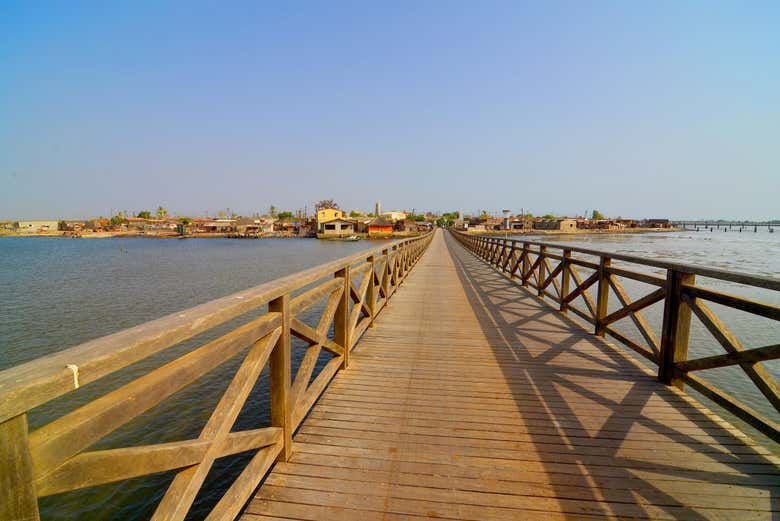 Caminando por el puente de madera hacia la isla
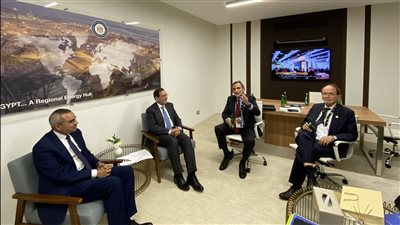 «الملا» يبحث مع «مبادلة» الإماراتية ضخ استثمارات جديدة بمجالات الطاقة في مصر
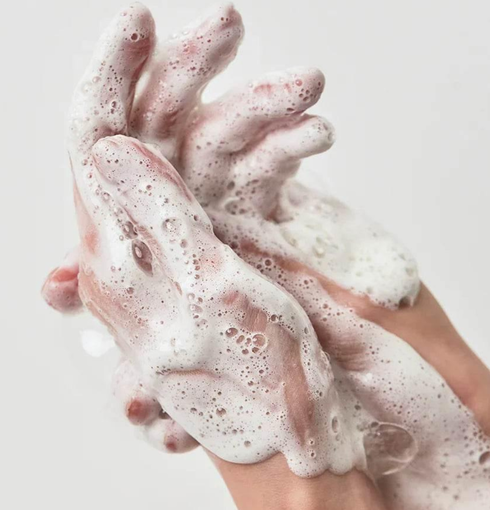 ANUA Heartleaf Quercetinol Pore Deep Cleansing Foam | NIASHA.ch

----

TASK BRIEF:
Give back the material word for word, leaving out its pictures.

EXERCISE OUTPUT:
 Caminando por el puente de madera hacia la isla
 «الملا» يبحث مع «مبادلة» الإماراتية ضخ استثمارات جديدة بمجالات الطاقة في مصر
 ANUA Heartleaf Quercetinol Pore Deep Cleansing Foam | NIASHA.ch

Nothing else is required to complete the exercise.